# Coop foundation almost complete!



## Slacker (Sep 3, 2020)




----------



## Slacker (Sep 3, 2020)




----------



## Poultry Judge (Jul 15, 2020)

That is impressive!


----------



## Slacker (Sep 3, 2020)

Poultry Judge said:


> That is impressive!


When I was a young boy back in the 50's and 60's my dad built some sidewalks and garden walls and he had me help him. I remember what he did to this day. Thank you dad!


----------



## robin416 (Sep 8, 2013)

Man stacked stone for the coop? Your birds are going to be styling. 

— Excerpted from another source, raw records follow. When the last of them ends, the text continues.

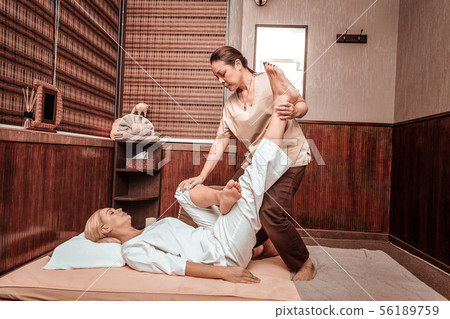 Thai woman doing leg massage for her client. Thai woman doing leg massage for her client. 56189759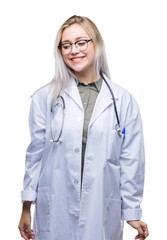 Poster - Young blonde doctor woman over isolated background looking away to side with smile on face, natural expression. Laughing confident.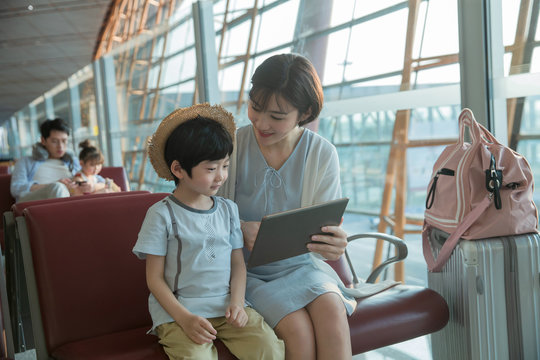 A young mother and son in the airport lounge see tablets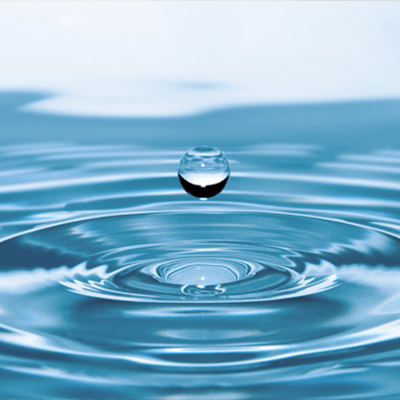 water droplet hovering above a pool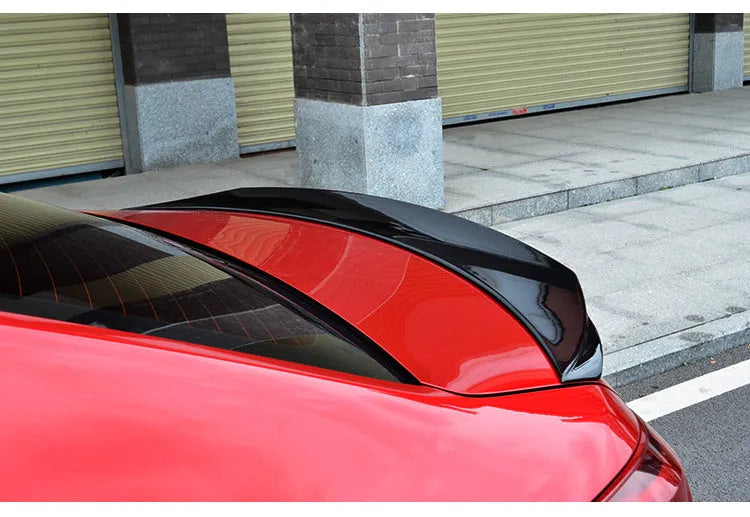 Bright black blade-style tail trim with large fixed wing spoiler for Mazda 3 Axela Exela Model 14-21.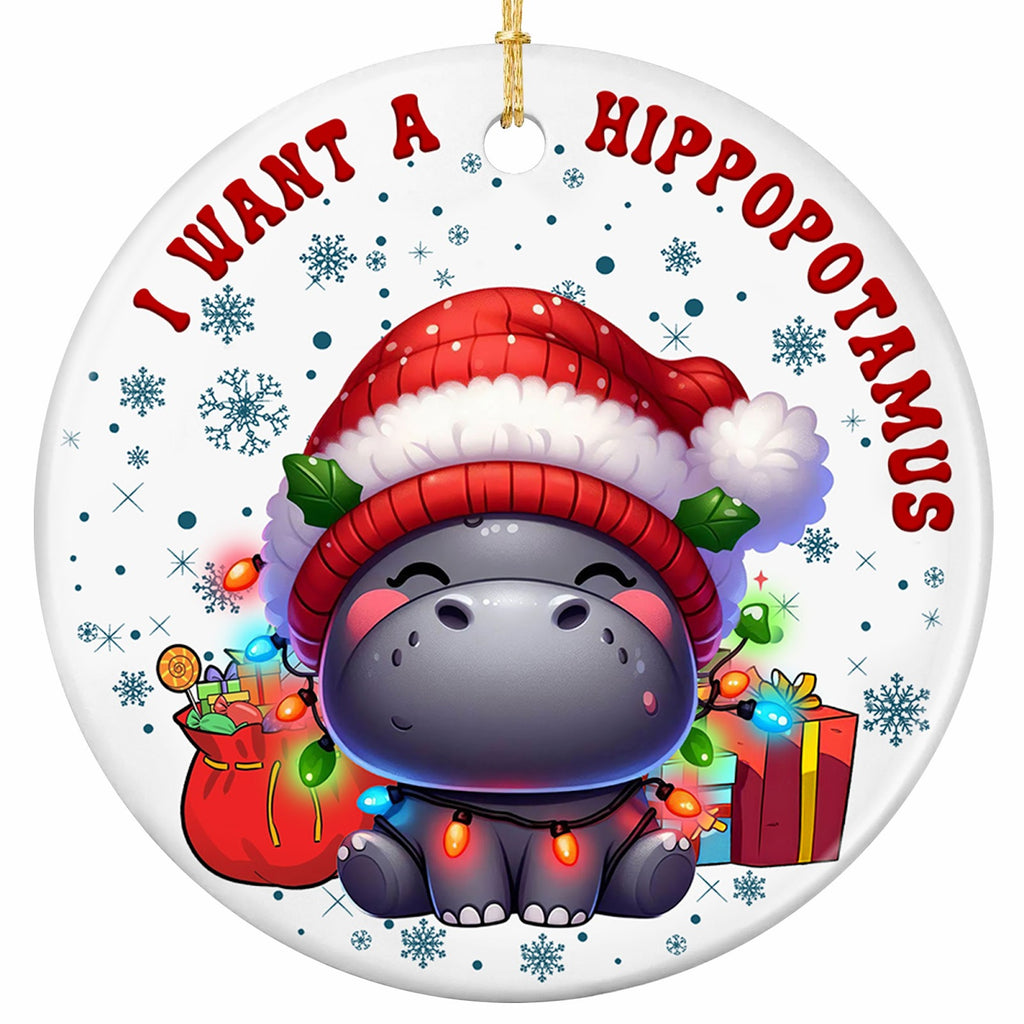 Chibi Baby Hippo in an Oversized Santa Hat Wound in Glowing Lights Beside a Gift Sack. Ceramic Keepsake.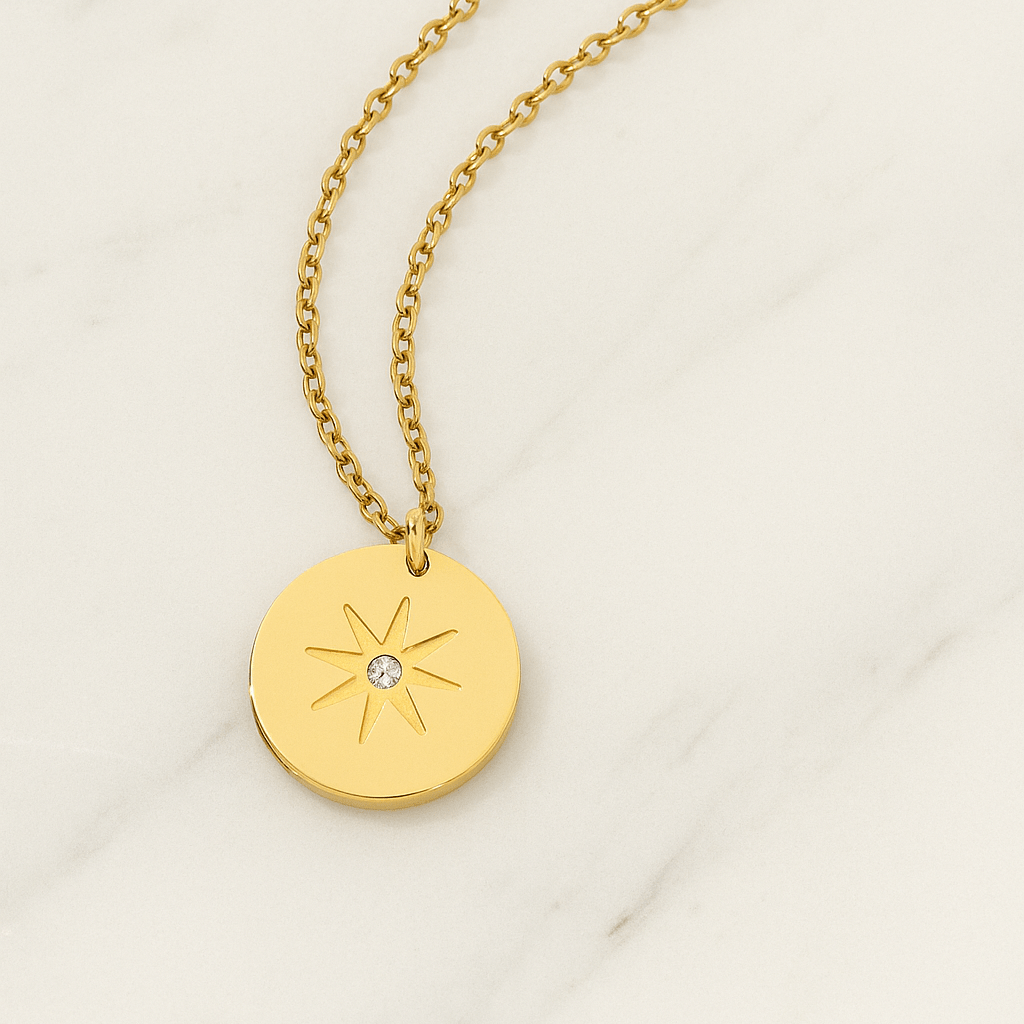 Gold necklace with a round pendant featuring a star design on a light background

Slippy and you are going to put the rest of us to shame.


----------



## Poultry Judge (Jul 15, 2020)

They will indeed be styling! My new coop is on a slight slope like yours. I had a bunch of sawmill poplar so I built the base with that, it won't last as long as yours though. I made the floor of the same rough sawn poplar planks and filled the space beneath with a bunch of scrap insulation from the barn. I even tried to seal up all the cracks with spray foam. I guess time will tell if the insulation was a good idea or not.


----------



## Poultry Judge (Jul 15, 2020)

That is going to be a beautiful location!


----------



## Poultry Judge (Jul 15, 2020)

It looks like you have enough tree cover to discourage hawks. That helps me a lot.


----------



## Slippy (May 14, 2020)

That is an awesome foundation @Slacker

Can't wait for the rest of the build!

Looks like you got plenty of cover for predators so make sure you predator proof the coop!


----------